Participants voted overwhelmingly to set a deadline to end all one-person fraction situations. This includes situations where two socialists work for the same employer, are members of the same large union local (or a different union), but work in different areas without common co-workers. The work to carry out these decisions is the responsibility of the leaderships of party units in towns and cities where socialists are working IAM jobs. Party branches will decide which unions their members will work in, as part of effectively participating in the resistance of other working people in their area.

This effort, several participants remarked, includes reinforcing the steps under way in their branches to build fractions in the UMWA, among UFCW packinghouse workers, and in UNITE. A number of longtime airline workers in the party have already taken steps to change jobs and help build these fractions.  
 
Lessons of previous experiences
Other meeting participants pointed to the situation a couple of years ago when the mechanics at Northwest Airlines voted to join the Airline Mechanics Fraternal Association (AMFA), an organization that sought to break mechanics away from other workers in the IAM. Socialist workers actively opposed this course prior to the vote. Afterwards they did not leave AMFA but instead became part of the effort to bring together in action workers at Northwest--both those in the IAM and those in AMFA--to fight company attempts to impose concession contracts.

In the absence of a substantial organized struggle at Northwest, however, meeting participants decided that holding AMFA jobs--which are primarily mechanics positions--is no longer fraction policy.

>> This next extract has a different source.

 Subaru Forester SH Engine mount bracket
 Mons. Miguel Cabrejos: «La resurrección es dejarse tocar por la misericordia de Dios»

It's useful to take a fresh look at the experience of building the Teamsters union in Minneapolis and the Upper Midwest in the l930s, commented John Studer of Philadelphia in the discussion. This history is found in the four-volume series by Farrell Dobbs available from Pathfinder Press.

"The struggle went from the coal yards, to trucking more broadly in Minneapolis, to the over-the-road drivers throughout the region. Key to advancing that struggle was reaching out for solidarity to the wives and families of the strikers, to working farmers, to the unemployed, and to other workers in all kinds of situations inspired to form unions and use them.

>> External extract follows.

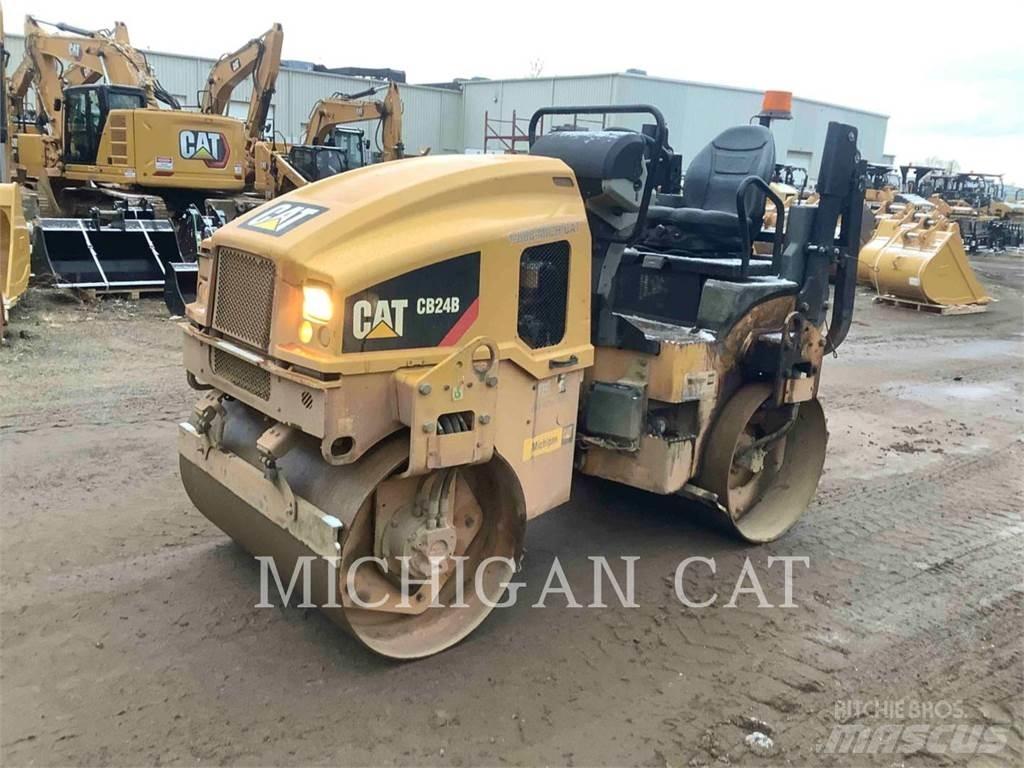CAT CB24B Tandemjyrät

"The pages of the union's paper, the Northwest Organizer, addressed the mounting imperialist war threats that culminated in World War II and other pressing social and political issues of the time. It was out of these experiences that a fighting union was forged and that recruitment to the revolutionary party developed," Studer said.

In addition to the effort to sell copies of The Working-Class and the Transformation of Learning, participants in the meeting voted to wage a campaign, ending October 1, to sell to co-workers 12 subscriptions to the Militant newspaper and 4 subscriptions to the Spanish-language monthly Perspectiva Mundial.